### Data supplied
----------
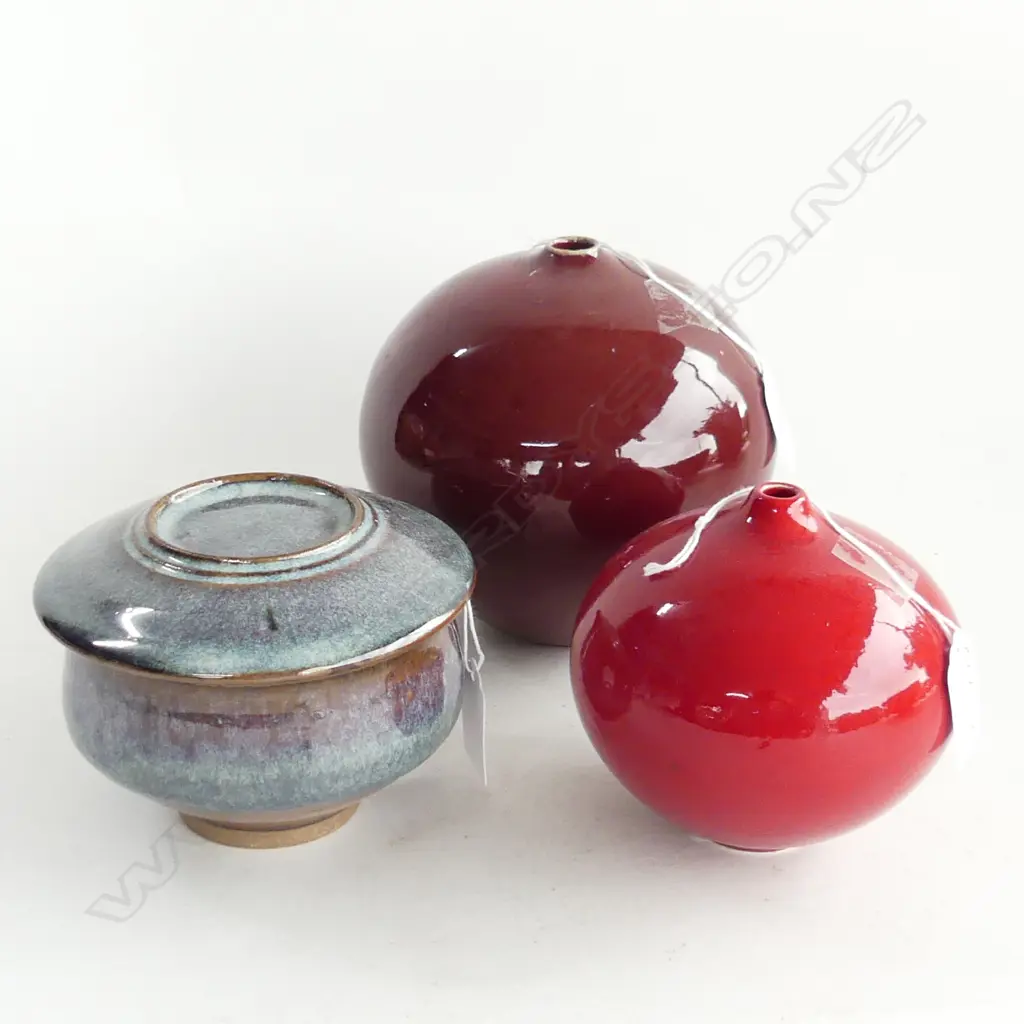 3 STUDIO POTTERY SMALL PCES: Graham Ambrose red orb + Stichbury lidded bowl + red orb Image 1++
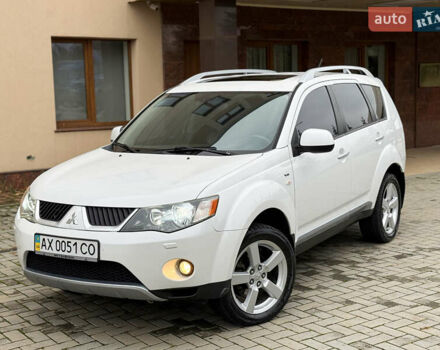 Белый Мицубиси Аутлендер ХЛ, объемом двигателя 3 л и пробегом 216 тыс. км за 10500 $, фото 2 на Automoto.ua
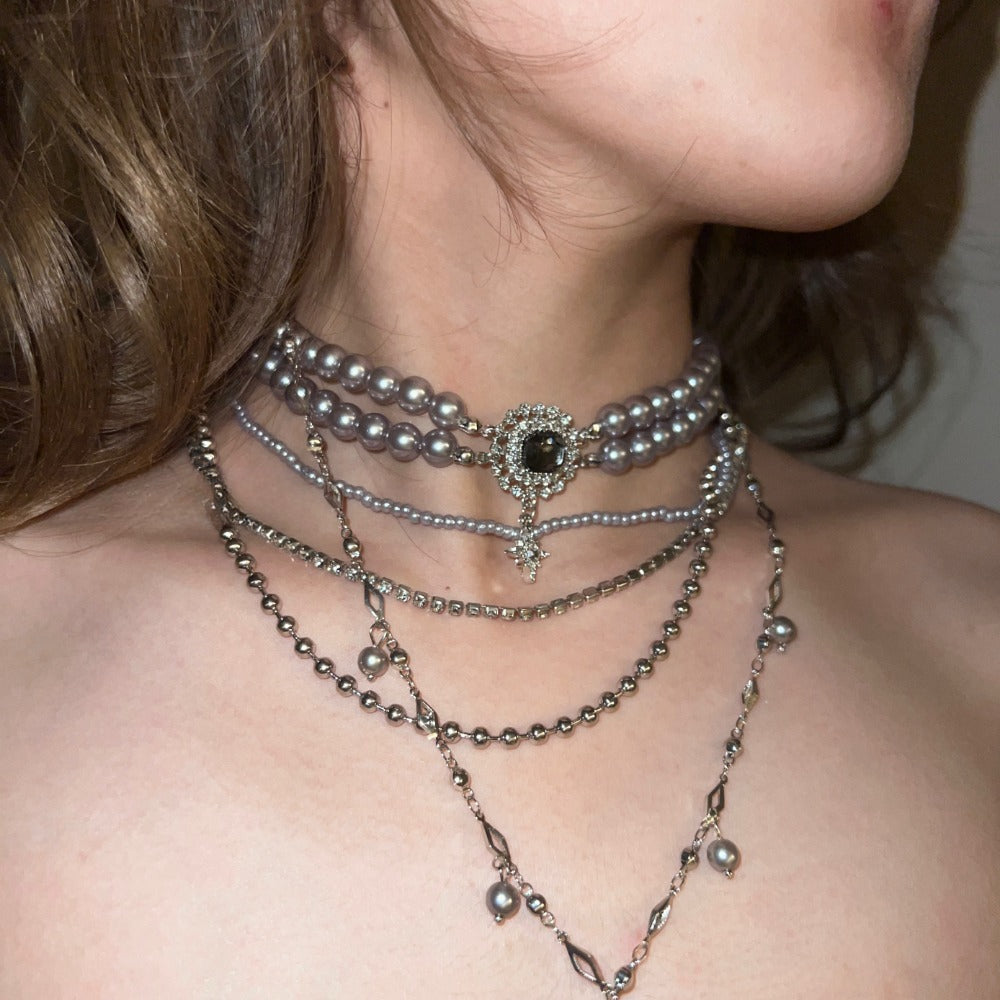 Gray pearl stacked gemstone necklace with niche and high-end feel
----------
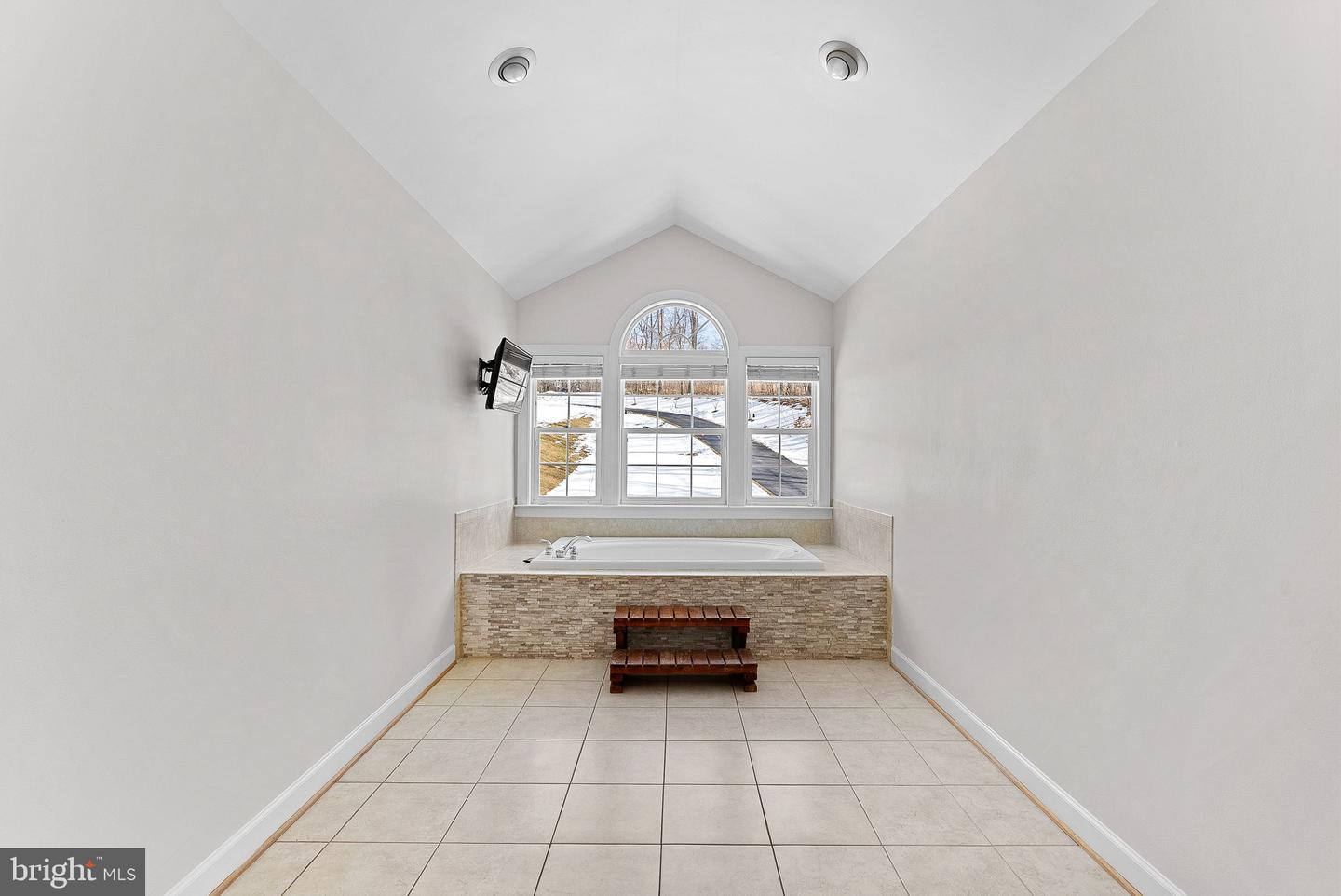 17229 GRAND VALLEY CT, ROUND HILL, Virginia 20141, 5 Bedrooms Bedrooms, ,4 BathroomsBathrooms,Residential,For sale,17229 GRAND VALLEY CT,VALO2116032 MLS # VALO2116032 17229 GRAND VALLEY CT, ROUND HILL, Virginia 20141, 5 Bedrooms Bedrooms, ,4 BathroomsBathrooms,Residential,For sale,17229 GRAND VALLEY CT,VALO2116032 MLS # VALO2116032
----------
### Work task
Copy word for word the lines of the records above from the one with "3 STUDIO POTTERY" up to and including the one with "Gray pearl stacked". Skip the pictures.

### Exercise answer
 3 STUDIO POTTERY SMALL PCES: Graham Ambrose red orb + Stichbury lidded bowl + red orb Image 1++
 Белый Мицубиси Аутлендер ХЛ, объемом двигателя 3 л и пробегом 216 тыс. км за 10500 $, фото 2 на Automoto.ua
 Gray pearl stacked gemstone necklace with niche and high-end feel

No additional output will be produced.